RECORDED INFORMATION START

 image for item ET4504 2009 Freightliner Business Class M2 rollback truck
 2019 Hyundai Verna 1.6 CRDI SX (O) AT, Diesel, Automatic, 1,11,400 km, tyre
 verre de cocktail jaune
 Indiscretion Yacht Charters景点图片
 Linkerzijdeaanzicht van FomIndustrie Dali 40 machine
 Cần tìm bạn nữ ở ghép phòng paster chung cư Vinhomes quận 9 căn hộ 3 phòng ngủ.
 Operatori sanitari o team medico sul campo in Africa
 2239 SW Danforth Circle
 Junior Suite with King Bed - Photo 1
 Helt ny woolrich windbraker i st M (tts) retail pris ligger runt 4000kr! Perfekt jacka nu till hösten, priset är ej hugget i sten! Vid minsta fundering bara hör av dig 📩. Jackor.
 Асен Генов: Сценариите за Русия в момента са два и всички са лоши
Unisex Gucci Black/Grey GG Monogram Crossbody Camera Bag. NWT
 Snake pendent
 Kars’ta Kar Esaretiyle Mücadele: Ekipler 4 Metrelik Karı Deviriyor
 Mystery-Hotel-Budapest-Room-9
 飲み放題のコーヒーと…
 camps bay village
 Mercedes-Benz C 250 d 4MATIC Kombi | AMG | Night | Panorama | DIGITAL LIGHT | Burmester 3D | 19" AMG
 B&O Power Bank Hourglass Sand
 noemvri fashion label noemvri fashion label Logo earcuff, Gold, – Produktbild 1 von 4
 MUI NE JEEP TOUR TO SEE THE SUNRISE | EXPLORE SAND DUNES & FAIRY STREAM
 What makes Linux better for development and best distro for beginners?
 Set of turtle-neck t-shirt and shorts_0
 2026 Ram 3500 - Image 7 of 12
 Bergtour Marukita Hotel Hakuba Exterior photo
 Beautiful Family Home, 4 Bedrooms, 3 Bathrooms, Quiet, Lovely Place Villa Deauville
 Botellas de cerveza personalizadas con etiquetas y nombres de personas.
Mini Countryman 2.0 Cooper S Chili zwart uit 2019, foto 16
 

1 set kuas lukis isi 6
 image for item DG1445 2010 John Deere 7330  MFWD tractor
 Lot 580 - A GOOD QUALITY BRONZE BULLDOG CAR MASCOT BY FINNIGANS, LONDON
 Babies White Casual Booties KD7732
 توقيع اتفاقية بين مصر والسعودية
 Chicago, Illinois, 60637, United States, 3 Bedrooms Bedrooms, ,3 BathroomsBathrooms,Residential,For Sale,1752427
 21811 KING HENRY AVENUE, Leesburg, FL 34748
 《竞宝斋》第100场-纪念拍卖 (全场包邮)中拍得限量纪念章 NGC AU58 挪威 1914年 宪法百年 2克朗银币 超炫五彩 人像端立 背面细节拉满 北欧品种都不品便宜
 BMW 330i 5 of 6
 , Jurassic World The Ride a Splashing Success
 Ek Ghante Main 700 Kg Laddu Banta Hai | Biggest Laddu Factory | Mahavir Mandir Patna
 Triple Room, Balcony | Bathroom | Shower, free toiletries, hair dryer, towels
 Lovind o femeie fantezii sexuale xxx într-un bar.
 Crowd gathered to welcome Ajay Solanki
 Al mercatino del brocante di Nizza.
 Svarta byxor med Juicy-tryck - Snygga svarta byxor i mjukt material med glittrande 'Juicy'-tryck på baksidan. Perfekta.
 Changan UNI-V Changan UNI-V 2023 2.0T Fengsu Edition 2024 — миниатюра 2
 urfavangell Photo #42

RECORDED INFORMATION END

WHAT IS NEEDED =
Each record above needs to be reproduced exactly as written.

ANSWER TO THIS PROBLEM =
 image for item ET4504 2009 Freightliner Business Class M2 rollback truck
 2019 Hyundai Verna 1.6 CRDI SX (O) AT, Diesel, Automatic, 1,11,400 km, tyre
 verre de cocktail jaune
 Indiscretion Yacht Charters景点图片
 Linkerzijdeaanzicht van FomIndustrie Dali 40 machine
 Cần tìm bạn nữ ở ghép phòng paster chung cư Vinhomes quận 9 căn hộ 3 phòng ngủ.
 Operatori sanitari o team medico sul campo in Africa
 2239 SW Danforth Circle
 Junior Suite with King Bed - Photo 1
 Helt ny woolrich windbraker i st M (tts) retail pris ligger runt 4000kr! Perfekt jacka nu till hösten, priset är ej hugget i sten! Vid minsta fundering bara hör av dig 📩. Jackor.
 Асен Генов: Сценариите за Русия в момента са два и всички са лоши
Unisex Gucci Black/Grey GG Monogram Crossbody Camera Bag. NWT
 Snake pendent
 Kars’ta Kar Esaretiyle Mücadele: Ekipler 4 Metrelik Karı Deviriyor
 Mystery-Hotel-Budapest-Room-9
 飲み放題のコーヒーと…
 camps bay village
 Mercedes-Benz C 250 d 4MATIC Kombi | AMG | Night | Panorama | DIGITAL LIGHT | Burmester 3D | 19" AMG
 B&O Power Bank Hourglass Sand
 noemvri fashion label noemvri fashion label Logo earcuff, Gold, – Produktbild 1 von 4
 MUI NE JEEP TOUR TO SEE THE SUNRISE | EXPLORE SAND DUNES & FAIRY STREAM
 What makes Linux better for development and best distro for beginners?
 Set of turtle-neck t-shirt and shorts_0
 2026 Ram 3500 - Image 7 of 12
 Bergtour Marukita Hotel Hakuba Exterior photo
 Beautiful Family Home, 4 Bedrooms, 3 Bathrooms, Quiet, Lovely Place Villa Deauville
 Botellas de cerveza personalizadas con etiquetas y nombres de personas.
Mini Countryman 2.0 Cooper S Chili zwart uit 2019, foto 16
 

1 set kuas lukis isi 6
 image for item DG1445 2010 John Deere 7330  MFWD tractor
 Lot 580 - A GOOD QUALITY BRONZE BULLDOG CAR MASCOT BY FINNIGANS, LONDON
 Babies White Casual Booties KD7732
 توقيع اتفاقية بين مصر والسعودية
 Chicago, Illinois, 60637, United States, 3 Bedrooms Bedrooms, ,3 BathroomsBathrooms,Residential,For Sale,1752427
 21811 KING HENRY AVENUE, Leesburg, FL 34748
 《竞宝斋》第100场-纪念拍卖 (全场包邮)中拍得限量纪念章 NGC AU58 挪威 1914年 宪法百年 2克朗银币 超炫五彩 人像端立 背面细节拉满 北欧品种都不品便宜
 BMW 330i 5 of 6
 , Jurassic World The Ride a Splashing Success
 Ek Ghante Main 700 Kg Laddu Banta Hai | Biggest Laddu Factory | Mahavir Mandir Patna
 Triple Room, Balcony | Bathroom | Shower, free toiletries, hair dryer, towels
 Lovind o femeie fantezii sexuale xxx într-un bar.
 Crowd gathered to welcome Ajay Solanki
 Al mercatino del brocante di Nizza.
 Svarta byxor med Juicy-tryck - Snygga svarta byxor i mjukt material med glittrande 'Juicy'-tryck på baksidan. Perfekta.
 Changan UNI-V Changan UNI-V 2023 2.0T Fengsu Edition 2024 — миниатюра 2
 urfavangell Photo #42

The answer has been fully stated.